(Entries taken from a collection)
▼
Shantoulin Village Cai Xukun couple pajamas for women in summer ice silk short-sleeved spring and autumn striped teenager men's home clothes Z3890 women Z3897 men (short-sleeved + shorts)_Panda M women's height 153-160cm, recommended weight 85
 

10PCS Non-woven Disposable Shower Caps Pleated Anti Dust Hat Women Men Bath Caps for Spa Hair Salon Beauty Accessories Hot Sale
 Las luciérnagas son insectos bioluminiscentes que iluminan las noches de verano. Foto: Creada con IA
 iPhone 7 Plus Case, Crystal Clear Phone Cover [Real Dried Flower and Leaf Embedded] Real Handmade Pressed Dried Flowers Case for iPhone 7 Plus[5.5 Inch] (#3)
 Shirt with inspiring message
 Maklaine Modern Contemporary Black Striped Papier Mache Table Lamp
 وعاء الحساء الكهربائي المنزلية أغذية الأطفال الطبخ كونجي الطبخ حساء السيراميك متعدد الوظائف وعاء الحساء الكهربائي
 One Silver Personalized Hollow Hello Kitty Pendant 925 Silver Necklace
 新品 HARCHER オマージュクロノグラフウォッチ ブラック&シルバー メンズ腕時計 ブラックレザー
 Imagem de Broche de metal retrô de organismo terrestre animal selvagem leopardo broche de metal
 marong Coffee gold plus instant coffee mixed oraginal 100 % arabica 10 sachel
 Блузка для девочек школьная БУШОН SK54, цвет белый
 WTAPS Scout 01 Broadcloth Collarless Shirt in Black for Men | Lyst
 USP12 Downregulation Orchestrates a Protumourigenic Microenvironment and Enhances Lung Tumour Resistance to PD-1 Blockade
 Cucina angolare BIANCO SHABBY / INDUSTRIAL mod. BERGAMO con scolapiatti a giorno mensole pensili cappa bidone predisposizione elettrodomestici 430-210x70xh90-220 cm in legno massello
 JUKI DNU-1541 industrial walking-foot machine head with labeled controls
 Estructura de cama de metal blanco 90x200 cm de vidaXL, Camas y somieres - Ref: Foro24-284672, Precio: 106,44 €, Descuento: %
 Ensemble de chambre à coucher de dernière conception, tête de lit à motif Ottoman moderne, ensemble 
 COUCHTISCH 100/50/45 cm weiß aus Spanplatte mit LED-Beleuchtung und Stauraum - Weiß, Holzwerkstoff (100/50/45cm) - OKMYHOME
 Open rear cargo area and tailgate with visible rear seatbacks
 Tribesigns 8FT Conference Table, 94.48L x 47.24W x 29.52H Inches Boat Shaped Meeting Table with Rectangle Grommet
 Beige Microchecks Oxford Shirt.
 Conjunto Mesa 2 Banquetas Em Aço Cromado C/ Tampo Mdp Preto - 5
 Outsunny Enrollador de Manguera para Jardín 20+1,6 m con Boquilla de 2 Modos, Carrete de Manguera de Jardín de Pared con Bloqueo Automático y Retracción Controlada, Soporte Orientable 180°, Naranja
▲
=== EXERCISE INSTRUCTIONS ===
Produce an exact transcription of the lines from the one containing "新品 HARCHER オマージュクロノグラフウォッチ" through the end of the records, both included, and no other lines.

=== TASK OUTPUT ===
 新品 HARCHER オマージュクロノグラフウォッチ ブラック&シルバー メンズ腕時計 ブラックレザー
 Imagem de Broche de metal retrô de organismo terrestre animal selvagem leopardo broche de metal
 marong Coffee gold plus instant coffee mixed oraginal 100 % arabica 10 sachel
 Блузка для девочек школьная БУШОН SK54, цвет белый
 WTAPS Scout 01 Broadcloth Collarless Shirt in Black for Men | Lyst
 USP12 Downregulation Orchestrates a Protumourigenic Microenvironment and Enhances Lung Tumour Resistance to PD-1 Blockade
 Cucina angolare BIANCO SHABBY / INDUSTRIAL mod. BERGAMO con scolapiatti a giorno mensole pensili cappa bidone predisposizione elettrodomestici 430-210x70xh90-220 cm in legno massello
 JUKI DNU-1541 industrial walking-foot machine head with labeled controls
 Estructura de cama de metal blanco 90x200 cm de vidaXL, Camas y somieres - Ref: Foro24-284672, Precio: 106,44 €, Descuento: %
 Ensemble de chambre à coucher de dernière conception, tête de lit à motif Ottoman moderne, ensemble 
 COUCHTISCH 100/50/45 cm weiß aus Spanplatte mit LED-Beleuchtung und Stauraum - Weiß, Holzwerkstoff (100/50/45cm) - OKMYHOME
 Open rear cargo area and tailgate with visible rear seatbacks
 Tribesigns 8FT Conference Table, 94.48L x 47.24W x 29.52H Inches Boat Shaped Meeting Table with Rectangle Grommet
 Beige Microchecks Oxford Shirt.
 Conjunto Mesa 2 Banquetas Em Aço Cromado C/ Tampo Mdp Preto - 5
 Outsunny Enrollador de Manguera para Jardín 20+1,6 m con Boquilla de 2 Modos, Carrete de Manguera de Jardín de Pared con Bloqueo Automático y Retracción Controlada, Soporte Orientable 180°, Naranja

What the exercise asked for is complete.